:: Supplied information
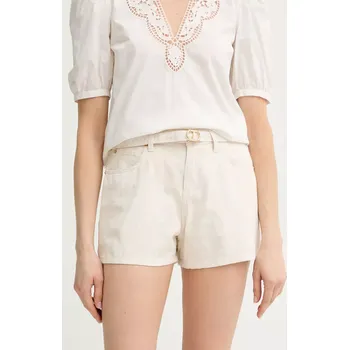 Dámské kraťasy Bavlněné šortky Twinset dámské, béžová barva, high waist, 251TT2205 01X, vel. 25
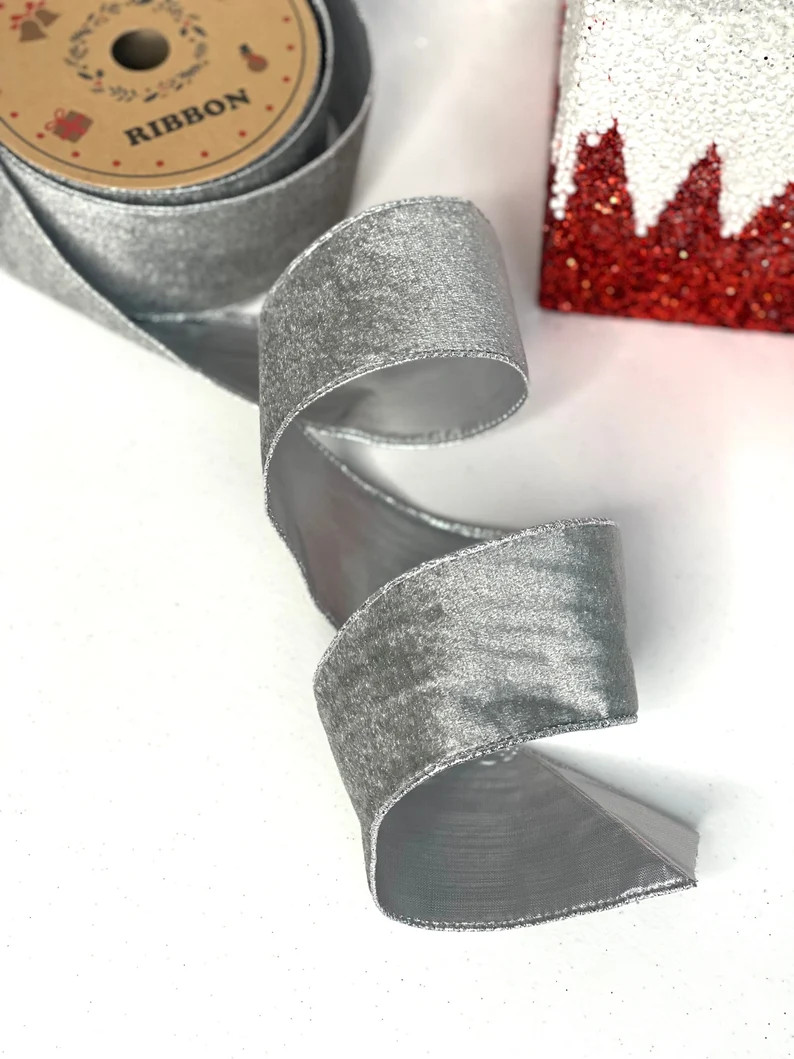 Grey and Silver Wired Craft Ribbon Double Sided 2.5 X 10 Yards - Etsy | Etsy (US)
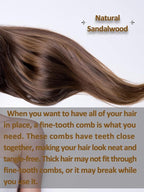 Green Sandalwood Teasing Hair Comb - Anti Static Fine Tooth Wooden Styling Brush for Smoothing, Detangling & Volumizing Thin/Fine Hair (No Handle)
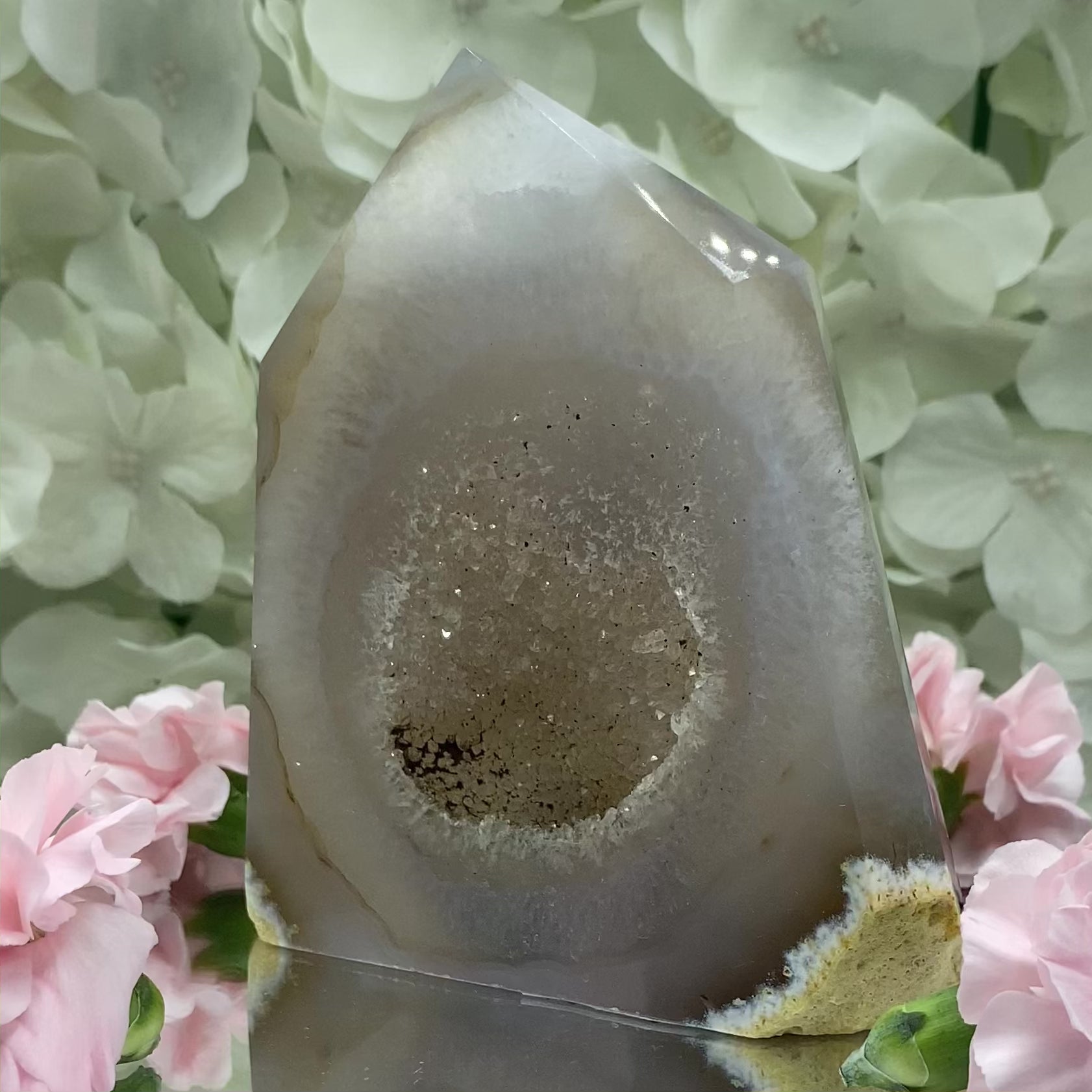 Agate Obelisk Drusy Tower - Balance & Harmony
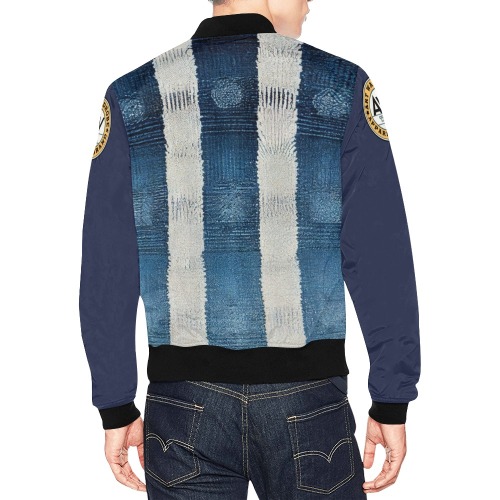 vertical striped pattern, blue and white All Over Print Bomber Jacket for Men (Model H19)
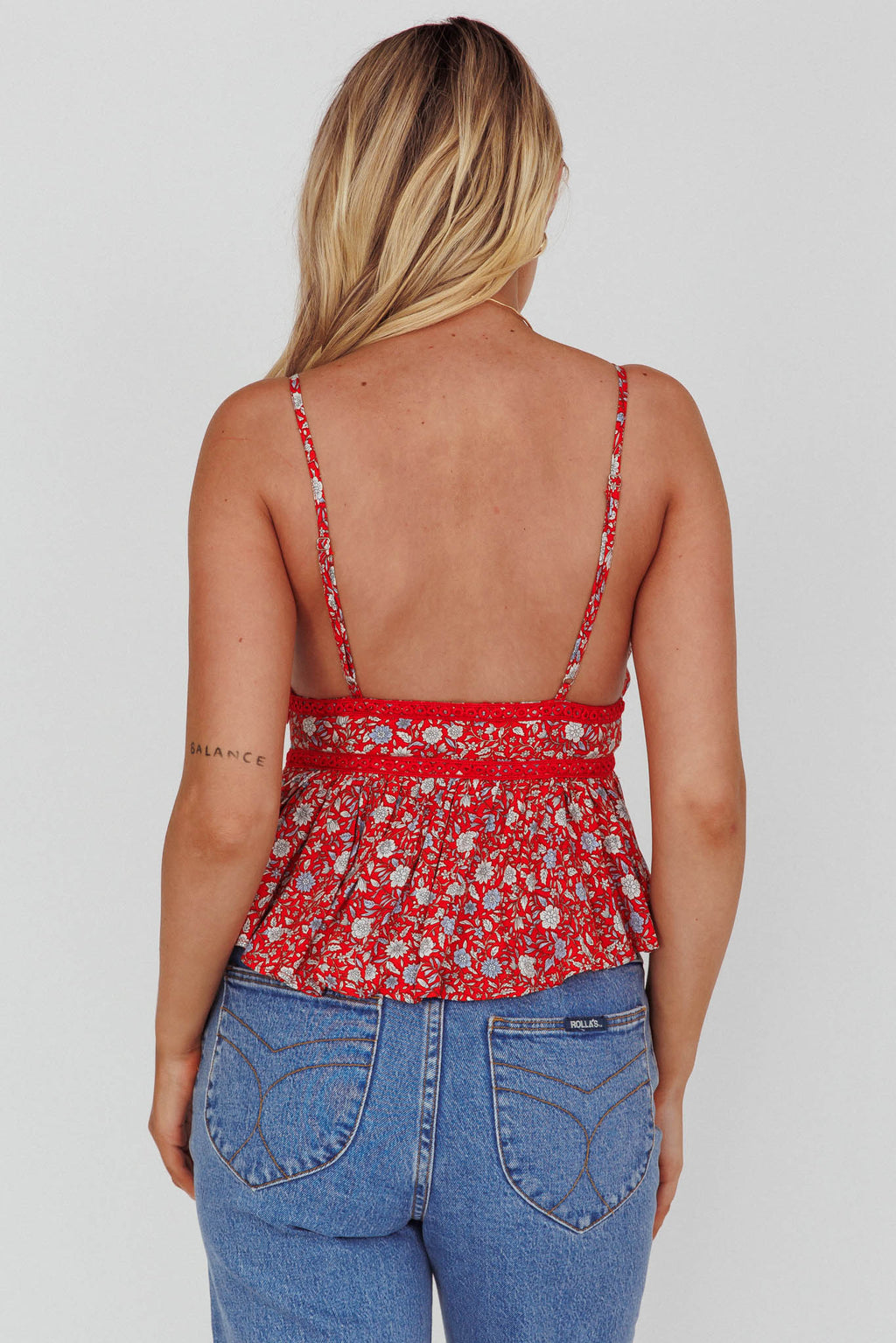 Marigold Crochet Trim Top Floral Red by Selfie Leslie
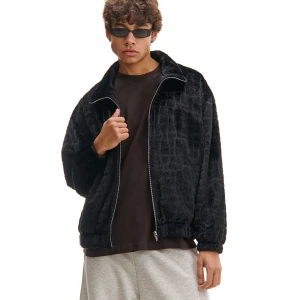 Cropp - Polarowa czarna bluza ze stójką - czarny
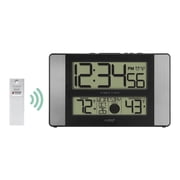 La Crosse Technology Atomic Digital Clock with Temperature and Moon Phase Aluminum finish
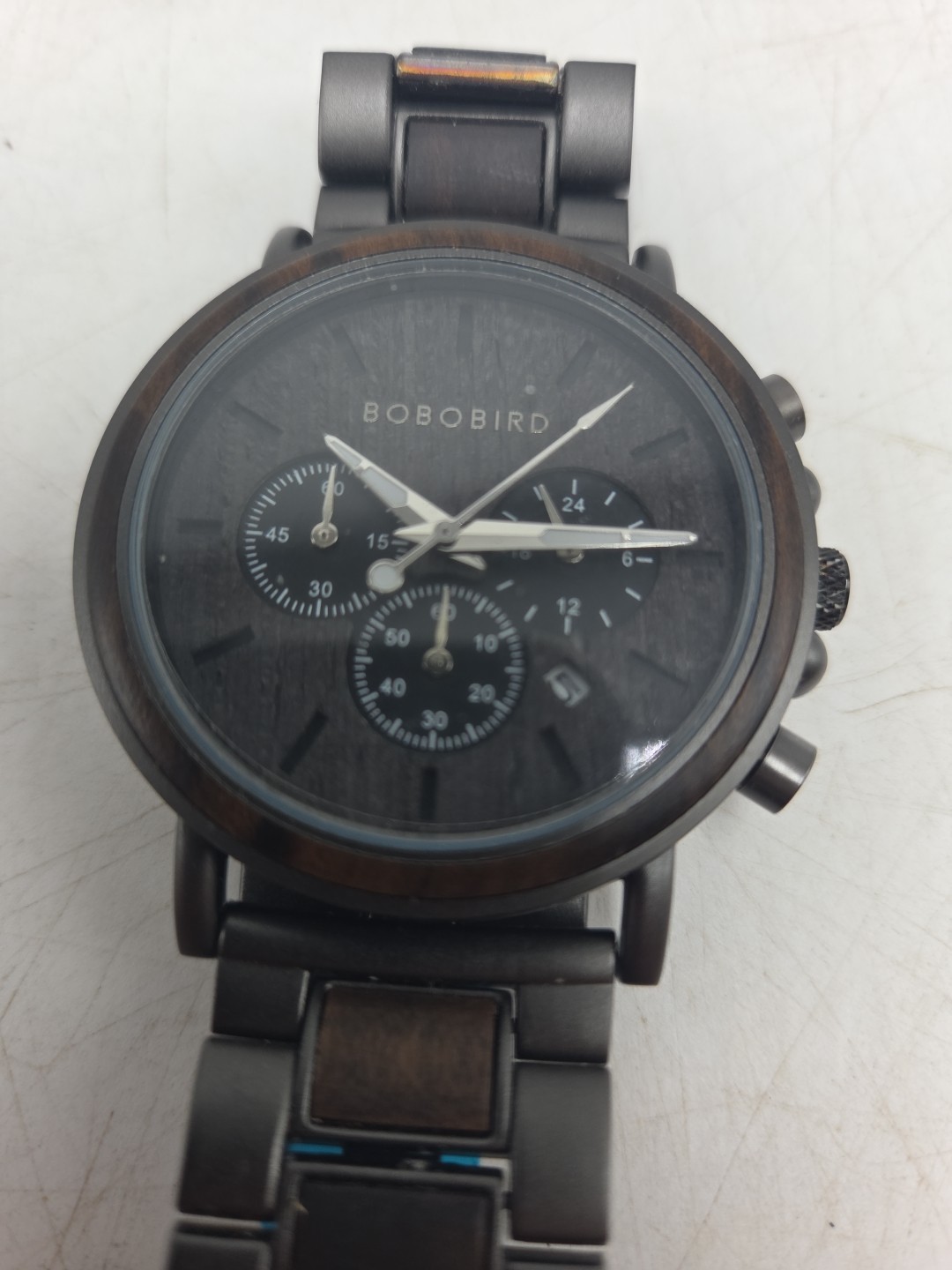 BOBO BIRD Men’s Watch Wood Wristwatch Chronograph Peice Of Nature 21-05 New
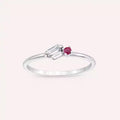 Micra 0.18 CT Ruby and Diamond White Gold Ring
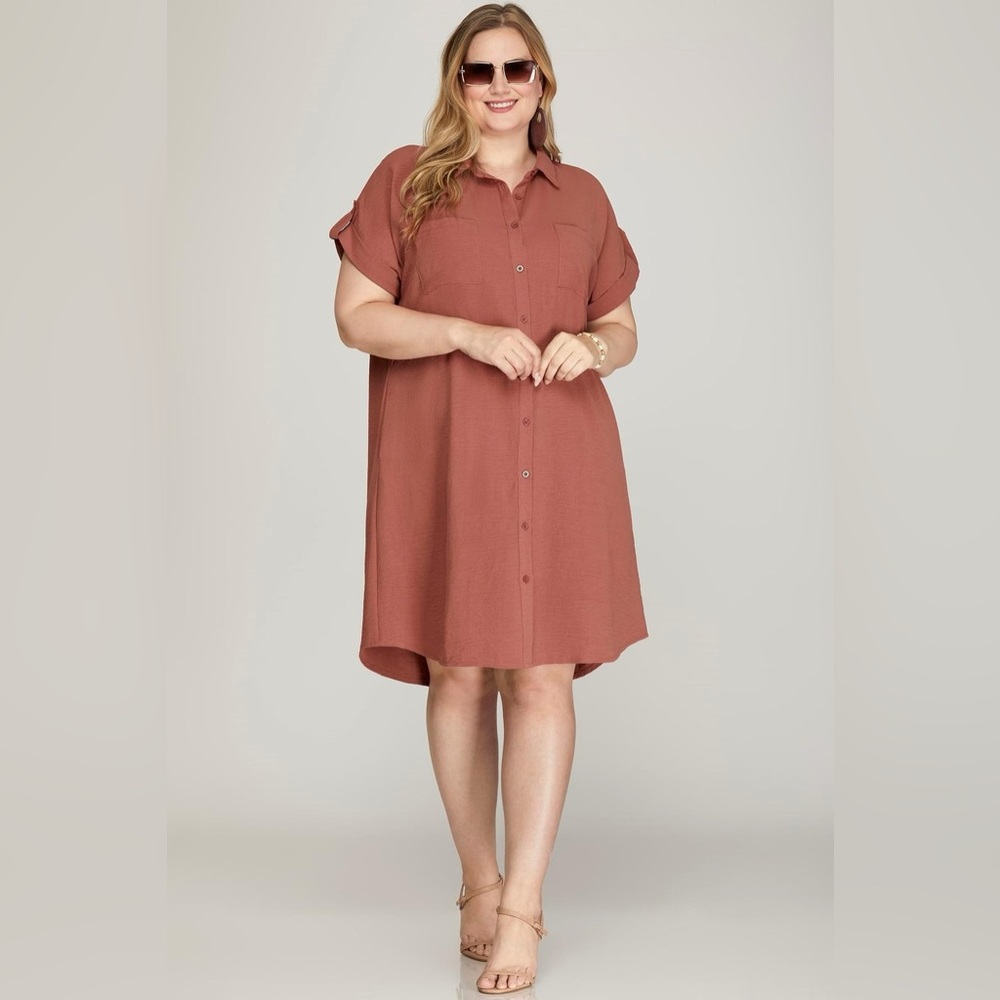 Plus Size Button Up Woven Short Dress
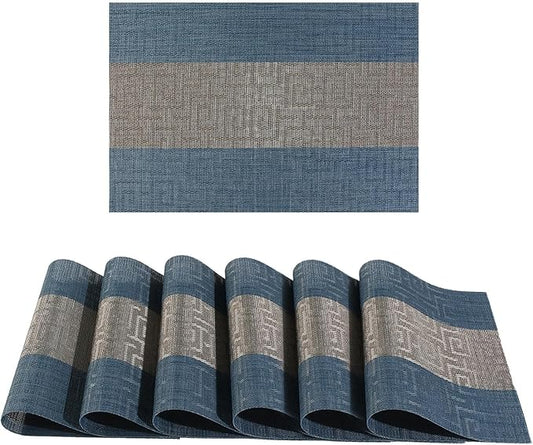 FAVE Placemats Set of 4 Indigo Blue Woven Placemats Durable and Wipeable Vinyl Placemats Heat Resistant Table Mats Set of 4 High Texture Place Mats for Kitchen Table (Indigo Blue, 12"x18"-4PCS)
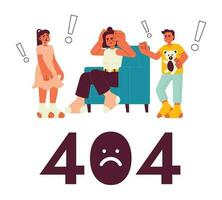 Bad parenting day error 404 flash message. Tired mom and siblings having fight. Empty state ui design. Page not found popup cartoon image. Vector flat illustration concept on white background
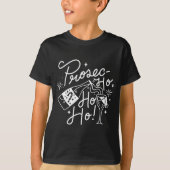 Ho Ho Ho Prosecco Christmas Tee Funny Wine Lover H Tシャツ (正面)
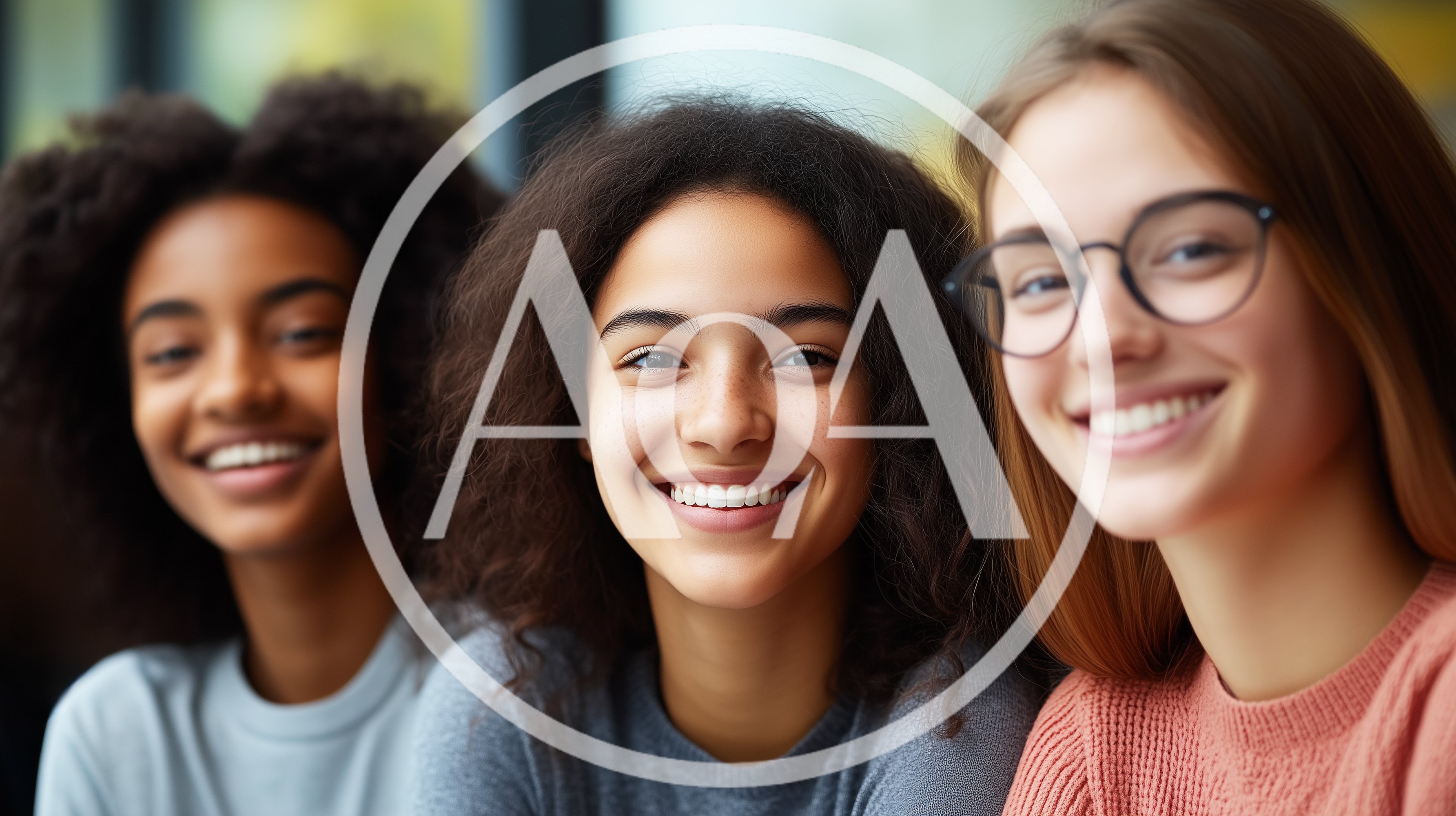 Three Diverse Young Women Smiling Together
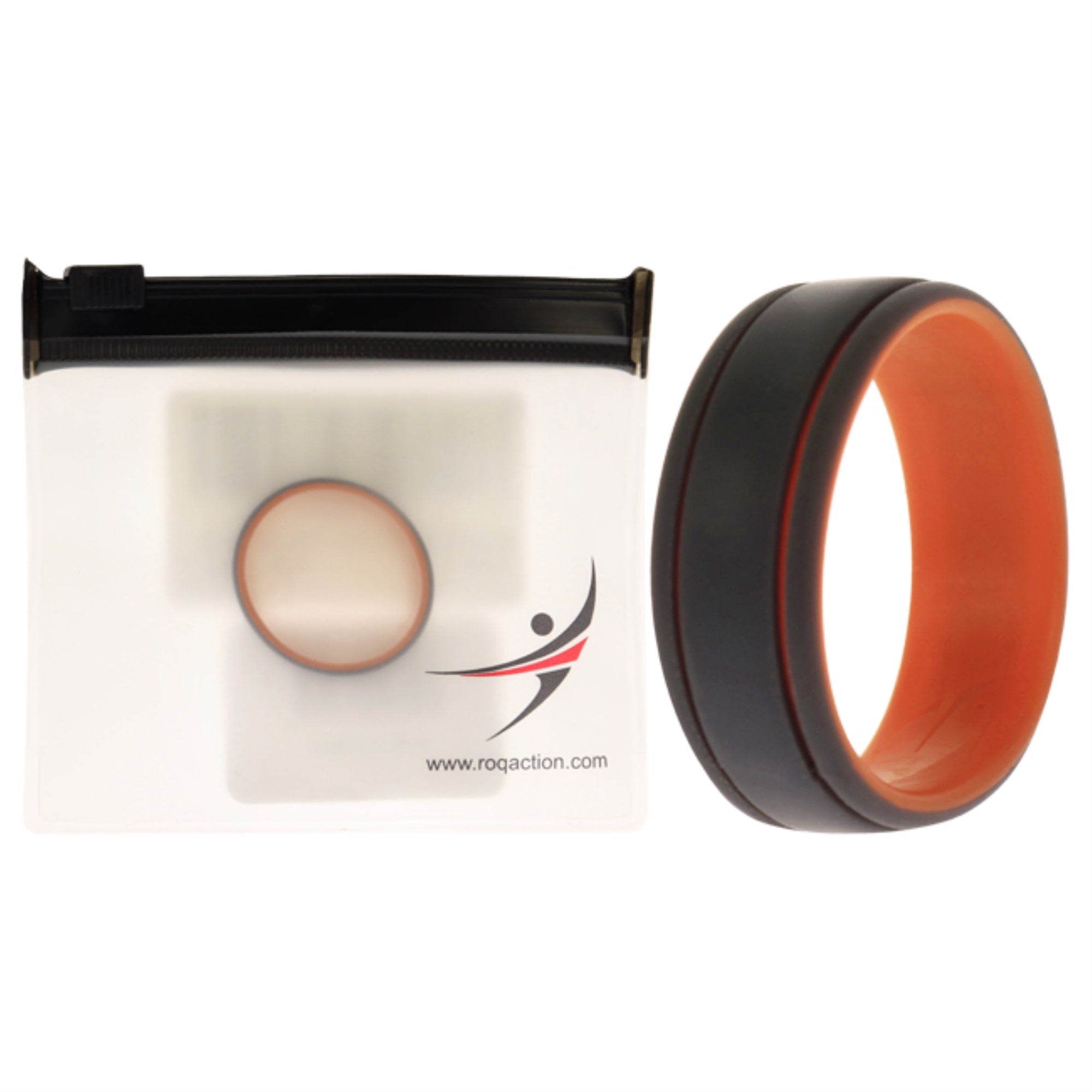 Silicone Wedding 2Layer Lines Ring - Orang-Grey By Roq For Men - 16 Mm Ring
::::
» **What you need to do**
Return exactly the lines starting at the line with "FAVE Placemats Set" and ending at the last line of the listing, both ends included; pictures are to be left out.

» **Exercise answer**
 FAVE Placemats Set of 4 Indigo Blue Woven Placemats Durable and Wipeable Vinyl Placemats Heat Resistant Table Mats Set of 4 High Texture Place Mats for Kitchen Table (Indigo Blue, 12"x18"-4PCS)
 Bad parenting day error 404 flash message. Tired mom and siblings having fight. Empty state ui design. Page not found popup cartoon image. Vector flat illustration concept on white background
 Ho Ho Ho Prosecco Christmas Tee Funny Wine Lover H Tシャツ (正面)
 Three Diverse Young Women Smiling Together
 Silicone Wedding 2Layer Lines Ring - Orang-Grey By Roq For Men - 16 Mm Ring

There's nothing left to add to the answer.